▶ _Task brief_
Transcribe every record as it stands and set the images aside.

▶ _Exercise data_
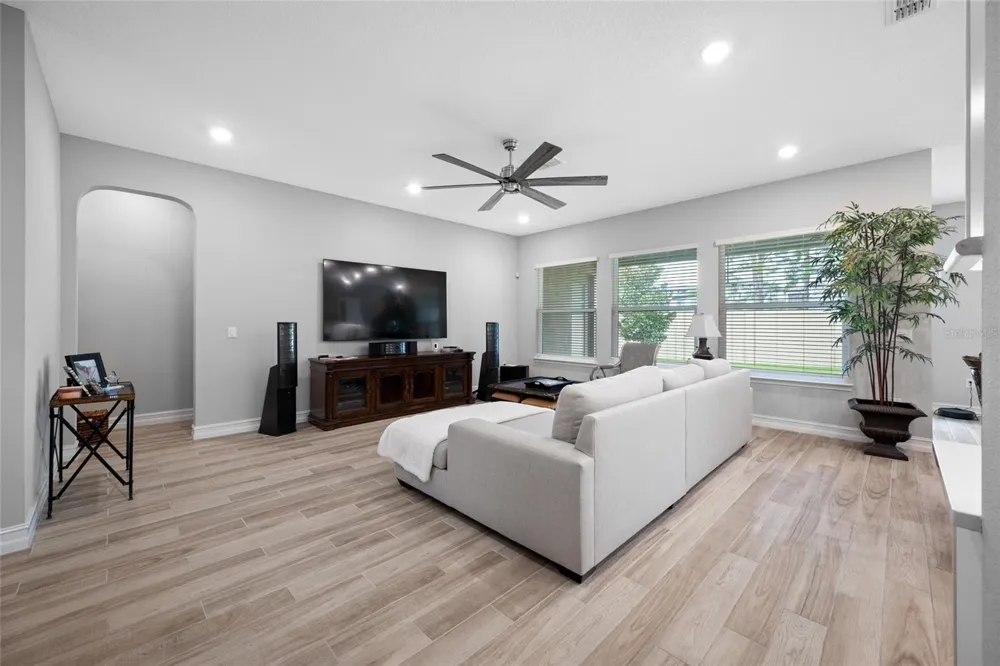18308 LEAFMORE STREET Lutz, FL 33548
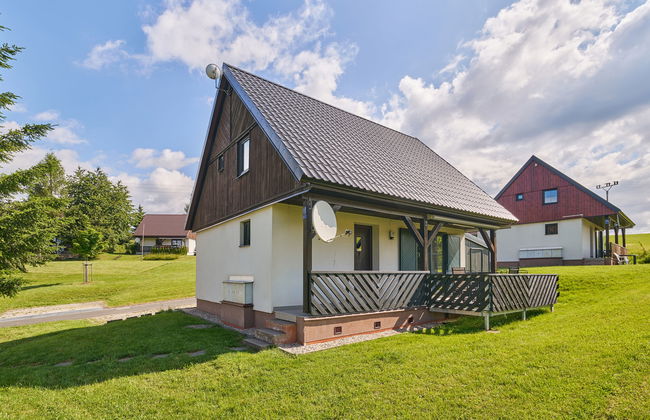 Casa de 3 quartos em Černý Důl com piscina e jardim - Foto 20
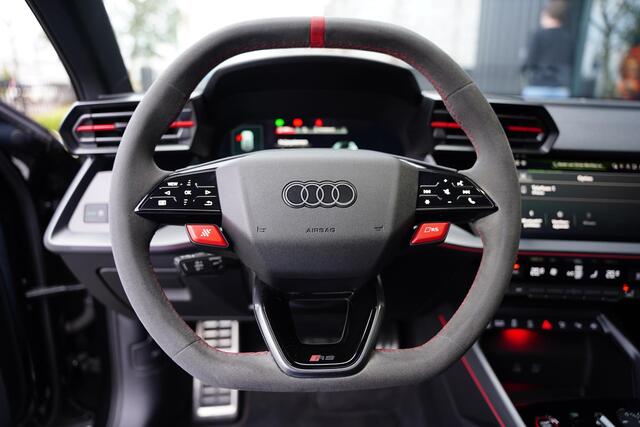 Audi A3 SPORTBACK 2.5 TFSI RS 3 Quattro | BTW | Pano | SONOS 3D | Magnetic Ride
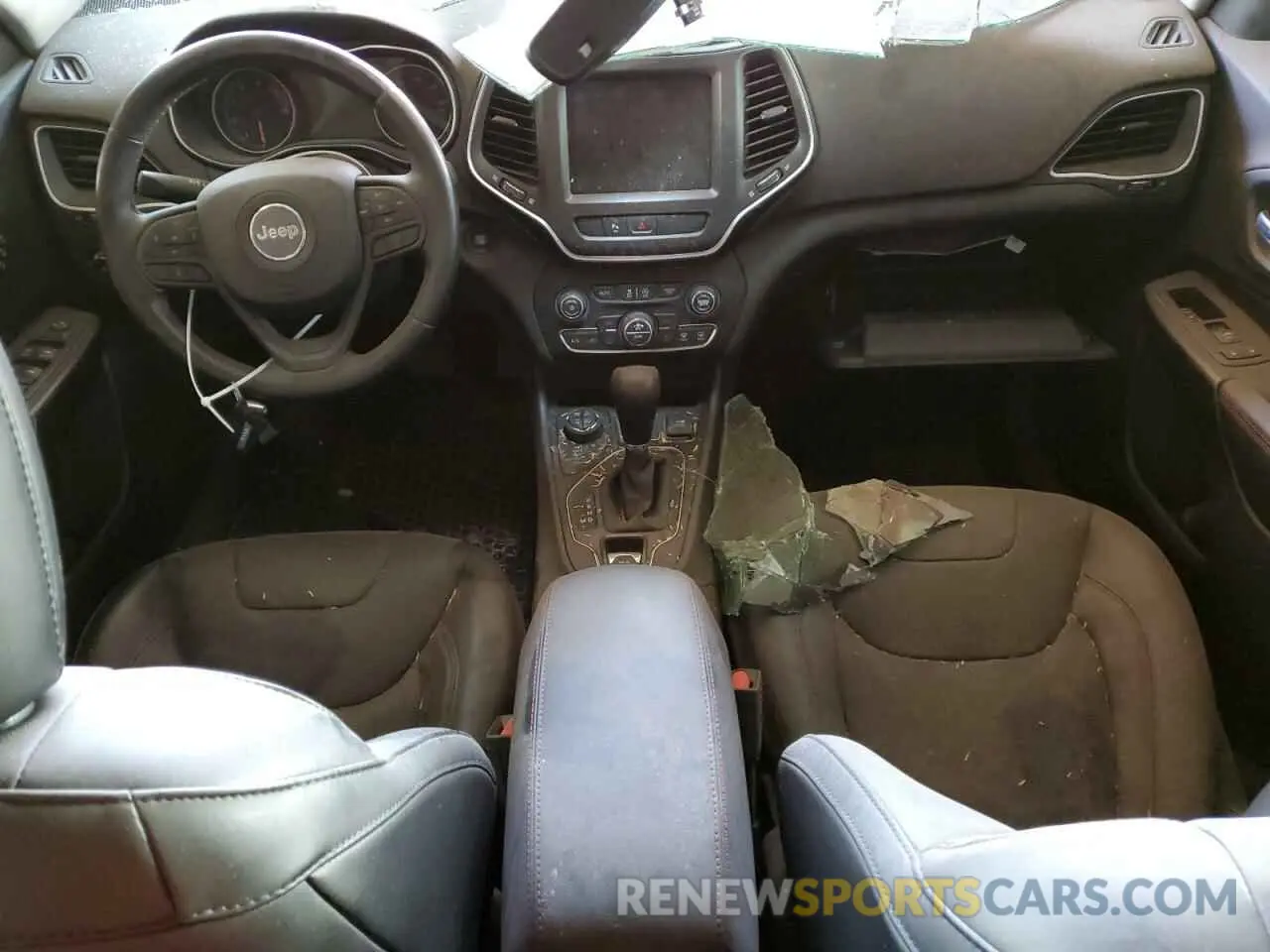 8 Photograph of a damaged car 1C4PJMBN7KD163235 JEEP CHEROKEE 2019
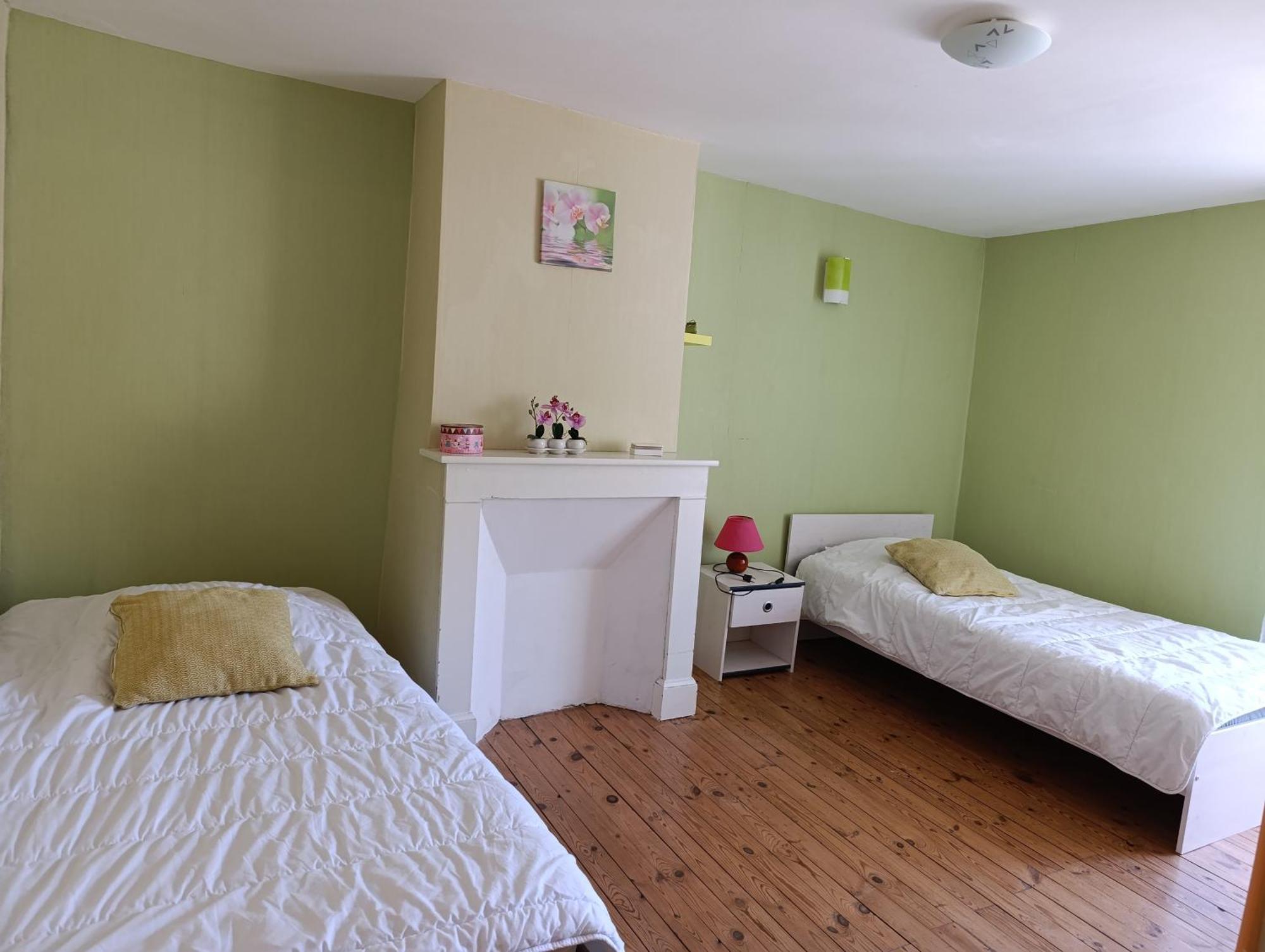 Maison Spacieuse Et Agreable Saint-Georges-de-Luzençon Exteriér fotografie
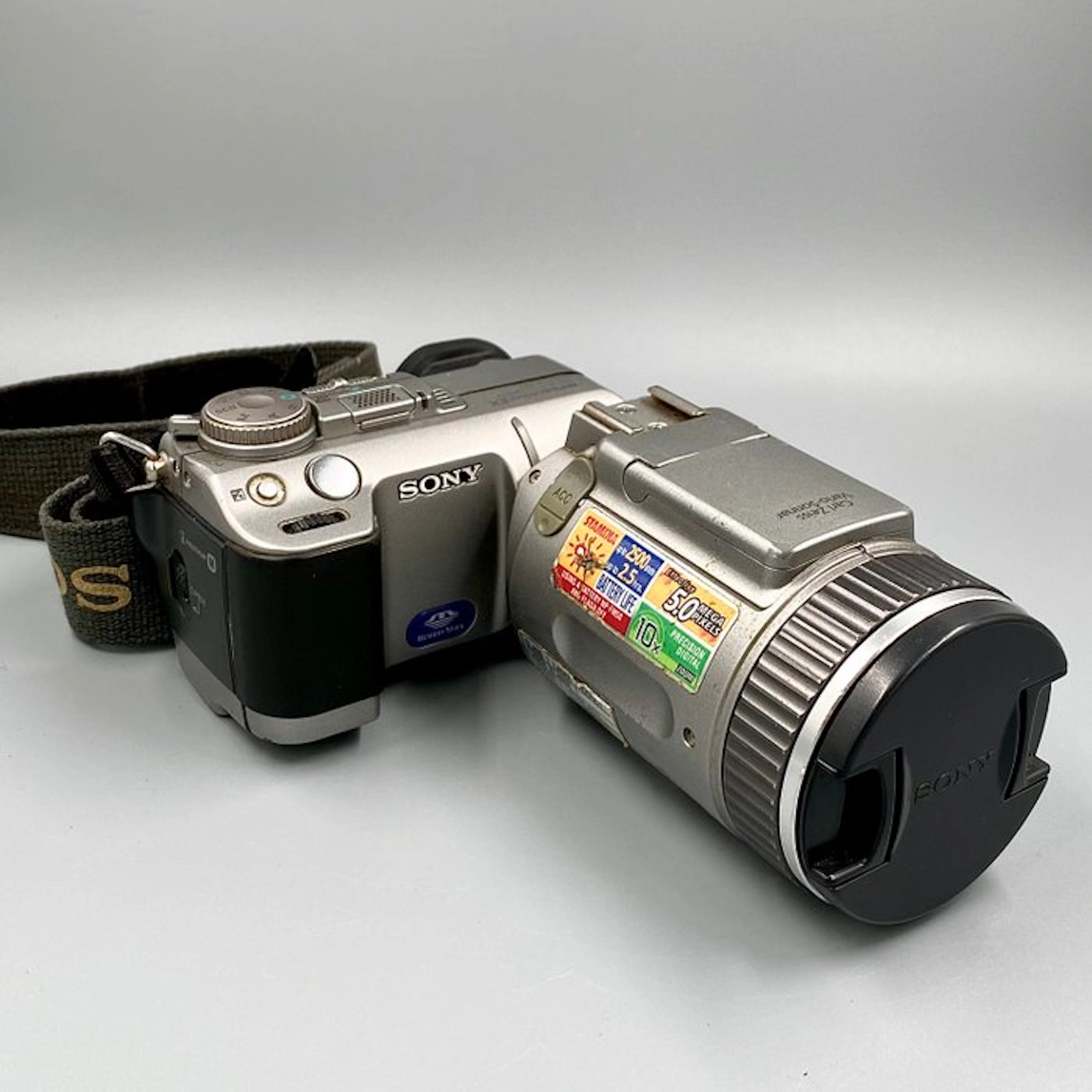 Sony DSC-F707 Digital camera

▶ _Answer to the problem_
18308 LEAFMORE STREET Lutz, FL 33548
 Casa de 3 quartos em Černý Důl com piscina e jardim - Foto 20
 Audi A3 SPORTBACK 2.5 TFSI RS 3 Quattro | BTW | Pano | SONOS 3D | Magnetic Ride
 8 Photograph of a damaged car 1C4PJMBN7KD163235 JEEP CHEROKEE 2019
 Maison Spacieuse Et Agreable Saint-Georges-de-Luzençon Exteriér fotografie
 Sony DSC-F707 Digital camera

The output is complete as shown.